Fun MySQL fact of the day: ON DUPLICATE KEY LEAK DATA

As developers, part of our job is ensuring system stability long after we are finished writing code. It is our responsibility to ensure the next developer in our place doesn't inherit a system littered with landmines and that our customers' data integrity and privacy is always a top priority. Today's Fun MySQL fact of the day is going change gears and focus on a question that I am frequently asked: should I use INSERT ... ON DUPLICATE KEY UPDATE. In general, my answer is "no," and this is especially true in any multi-tenant database. To find out why, let's look at a simple example that is somewhat representative of a not-terribly-uncommon table:

CREATE TABLE secrets(
    id INT AUTO_INCREMENT PRIMARY KEY,
    global_secret_number INT NOT NULL UNIQUE,
    account_id INT NOT NULL UNIQUE,
    secret VARCHAR(50) NOT NULL
);
INSERT INTO secrets VALUES(0, 1, 10, 'account 10''s secret');
INSERT INTO secrets VALUES(0, 2, 20, 'account 20''s secret');

In this example, global_secret_number and account_id both have separate UNIQUE secondary indices. This means no two rows in the entire table may have the same value for either column. In InnoDB, indexes are created in the order they are specified, and, when inserting data, InnoDB inserts into the PRIMARY index first (where the data is stored), followed by the rest of the indices in the order in which they were created.
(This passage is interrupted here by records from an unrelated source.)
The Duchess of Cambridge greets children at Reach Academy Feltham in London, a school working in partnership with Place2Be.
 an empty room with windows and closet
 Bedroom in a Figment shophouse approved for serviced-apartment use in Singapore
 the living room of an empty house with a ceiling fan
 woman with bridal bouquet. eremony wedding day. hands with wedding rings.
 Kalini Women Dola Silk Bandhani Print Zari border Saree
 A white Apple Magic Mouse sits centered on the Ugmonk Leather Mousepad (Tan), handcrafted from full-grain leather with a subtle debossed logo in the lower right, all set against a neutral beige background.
Sometimes, we'll want to insert a row that might already exists; and, in some of those cases, we may just want to update it to bring it up to date. Enter INSERT ... ON DUPLICATE KEY UPDATE, which does exactly that on either the primary key or the first UNIQUE index that matches. Let's try:

INSERT INTO secrets(global_secret_number, account_id, secret)
VALUES(1, 20, 'account 20''s new secret')
ON DUPLICATE KEY UPDATE secret = 'account 20''s new secret';

When we run this, we may expect a couple things:

But what will happen is probably not what we want: account_id=10 gets the new secret and we have a data leakage incident. Worse, account_id=20 likely won't ever know! That is not fun.

So, even if your schema doesn't allow for this behaviour today, it might in the future. So, keep the next person in your thoughts and, instead of using an ON DUPLICATE KEY UPDATE, do a SELECT (preferably on a replica) and INSERT or UPDATE by primary key accordingly, safely handling the rare duplicate key error in your code.